Problem requirements:
Reproduce the following data exactly, minus any images.

Given data:
= = = =
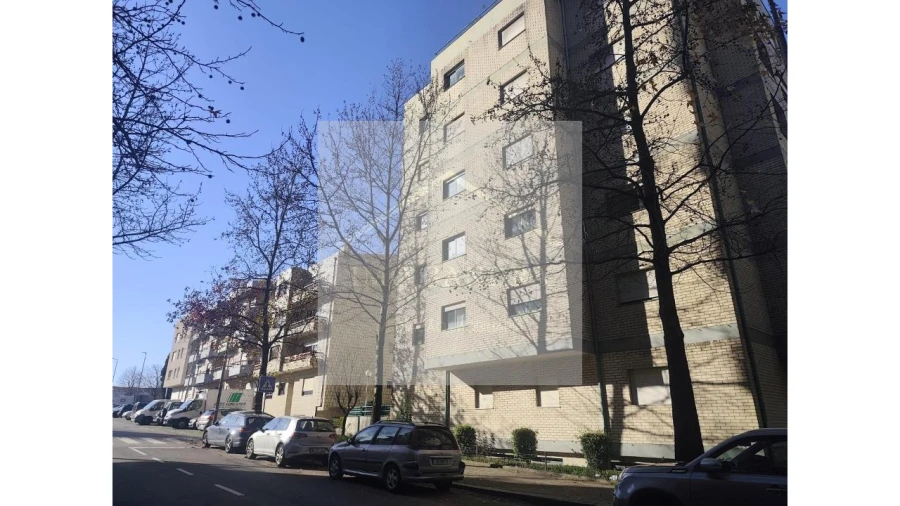 Apartamento T2 para Venda em Aguas Santas Foto 2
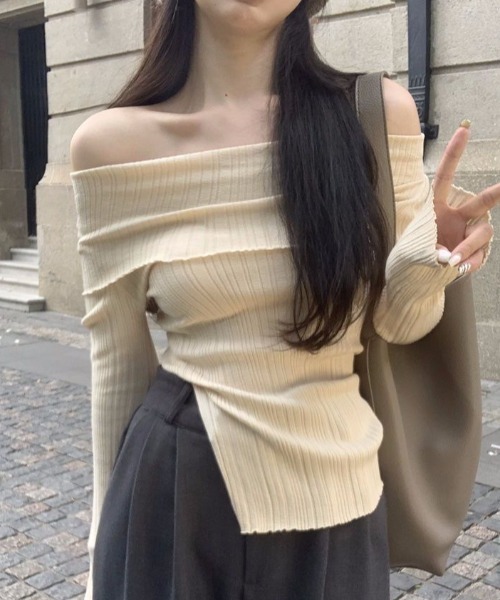 deux amour(ドゥーザムール)の「ランダムテレコオフショルトップス(Tシャツ/カットソー・レディース・ベージュ/ブラック・FREE)」の11枚目の写真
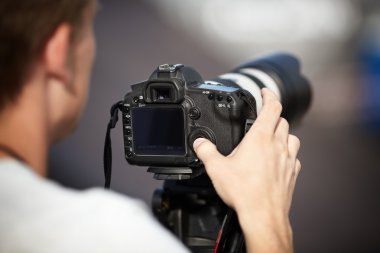 fotoğrafçı telefoto lens ile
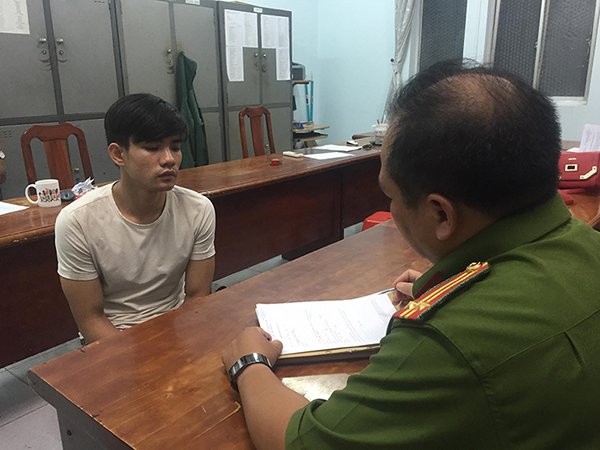 Nhóm thanh niên đánh đập cặp đôi nước ngoài, cướp tài sản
= = = =
Solved exercise:
 Apartamento T2 para Venda em Aguas Santas Foto 2
 deux amour(ドゥーザムール)の「ランダムテレコオフショルトップス(Tシャツ/カットソー・レディース・ベージュ/ブラック・FREE)」の11枚目の写真
 fotoğrafçı telefoto lens ile
 Nhóm thanh niên đánh đập cặp đôi nước ngoài, cướp tài sản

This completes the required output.